Excerpted data —
------------------------

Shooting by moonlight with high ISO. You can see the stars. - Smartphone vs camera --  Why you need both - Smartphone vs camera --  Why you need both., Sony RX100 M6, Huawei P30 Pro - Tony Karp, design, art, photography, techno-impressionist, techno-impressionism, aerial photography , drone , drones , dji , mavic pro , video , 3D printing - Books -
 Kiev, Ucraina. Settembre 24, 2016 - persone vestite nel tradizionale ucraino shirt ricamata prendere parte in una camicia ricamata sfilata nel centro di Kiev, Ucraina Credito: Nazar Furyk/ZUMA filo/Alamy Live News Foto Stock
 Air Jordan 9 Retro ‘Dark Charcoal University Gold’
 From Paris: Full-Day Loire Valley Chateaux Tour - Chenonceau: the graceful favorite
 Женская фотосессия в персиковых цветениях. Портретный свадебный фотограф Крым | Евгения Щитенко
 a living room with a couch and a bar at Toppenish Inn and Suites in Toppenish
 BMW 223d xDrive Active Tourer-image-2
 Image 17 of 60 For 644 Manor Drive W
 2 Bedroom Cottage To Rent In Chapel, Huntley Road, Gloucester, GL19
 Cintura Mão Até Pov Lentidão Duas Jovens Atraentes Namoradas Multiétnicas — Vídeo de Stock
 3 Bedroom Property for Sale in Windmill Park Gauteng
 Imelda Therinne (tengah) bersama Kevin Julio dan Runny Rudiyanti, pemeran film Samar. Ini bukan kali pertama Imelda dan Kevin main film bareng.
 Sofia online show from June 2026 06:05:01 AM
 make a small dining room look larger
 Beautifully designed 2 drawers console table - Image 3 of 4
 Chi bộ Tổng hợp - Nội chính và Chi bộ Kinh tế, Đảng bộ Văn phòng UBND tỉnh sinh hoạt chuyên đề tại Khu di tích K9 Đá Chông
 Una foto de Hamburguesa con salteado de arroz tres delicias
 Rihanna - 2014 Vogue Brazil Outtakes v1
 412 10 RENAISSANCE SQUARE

------------------------

What the task requires —
The response should consist only of the lines from the one containing "Una foto de" to the end of the material above, both included.

Result of this task —
 Una foto de Hamburguesa con salteado de arroz tres delicias
 Rihanna - 2014 Vogue Brazil Outtakes v1
 412 10 RENAISSANCE SQUARE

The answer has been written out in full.